(Stored items)
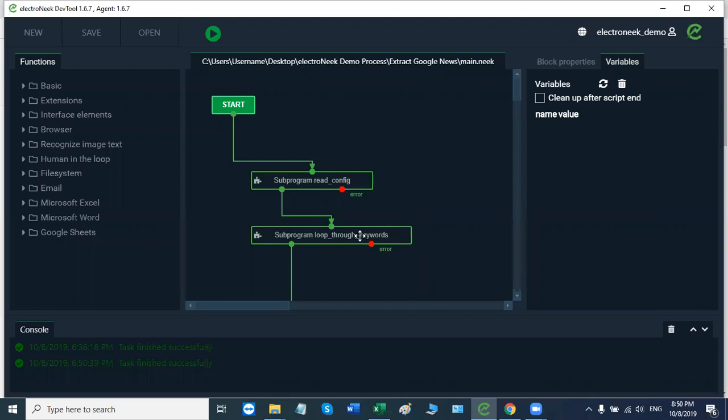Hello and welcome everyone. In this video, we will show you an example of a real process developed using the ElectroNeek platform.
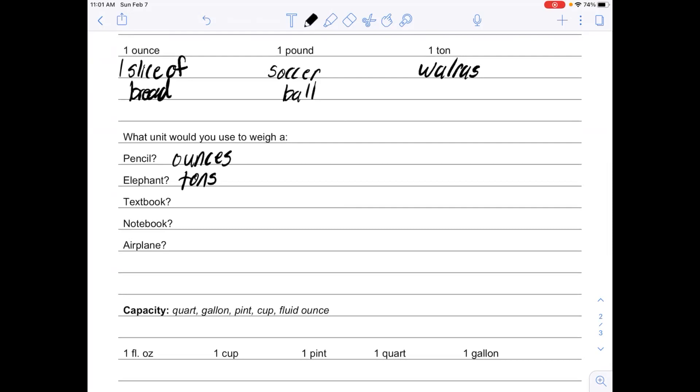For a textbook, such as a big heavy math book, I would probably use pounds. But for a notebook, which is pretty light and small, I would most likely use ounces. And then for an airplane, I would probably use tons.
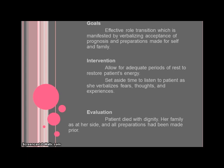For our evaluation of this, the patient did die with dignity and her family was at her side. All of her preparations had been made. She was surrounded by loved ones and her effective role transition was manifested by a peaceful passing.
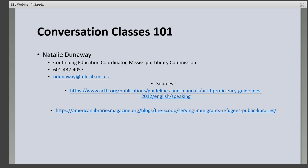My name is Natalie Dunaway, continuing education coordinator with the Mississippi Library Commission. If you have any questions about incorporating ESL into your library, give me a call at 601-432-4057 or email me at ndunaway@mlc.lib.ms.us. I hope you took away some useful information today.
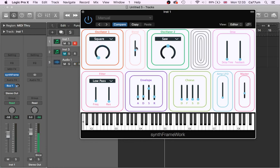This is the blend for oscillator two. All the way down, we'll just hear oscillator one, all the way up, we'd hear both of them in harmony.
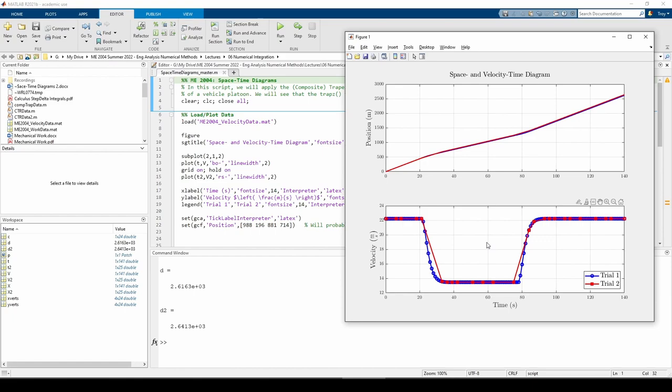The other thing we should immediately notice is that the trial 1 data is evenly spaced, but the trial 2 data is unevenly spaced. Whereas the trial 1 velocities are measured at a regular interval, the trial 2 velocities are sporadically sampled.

--- Task objective ---
Exactly the lines from the top of the entries through the line with "For our evaluation", inclusive, must be given again, with every picture omitted.

--- Task answer ---
Hello and welcome everyone. In this video, we will show you an example of a real process developed using the ElectroNeek platform.
For a textbook, such as a big heavy math book, I would probably use pounds. But for a notebook, which is pretty light and small, I would most likely use ounces. And then for an airplane, I would probably use tons.
For our evaluation of this, the patient did die with dignity and her family was at her side. All of her preparations had been made. She was surrounded by loved ones and her effective role transition was manifested by a peaceful passing.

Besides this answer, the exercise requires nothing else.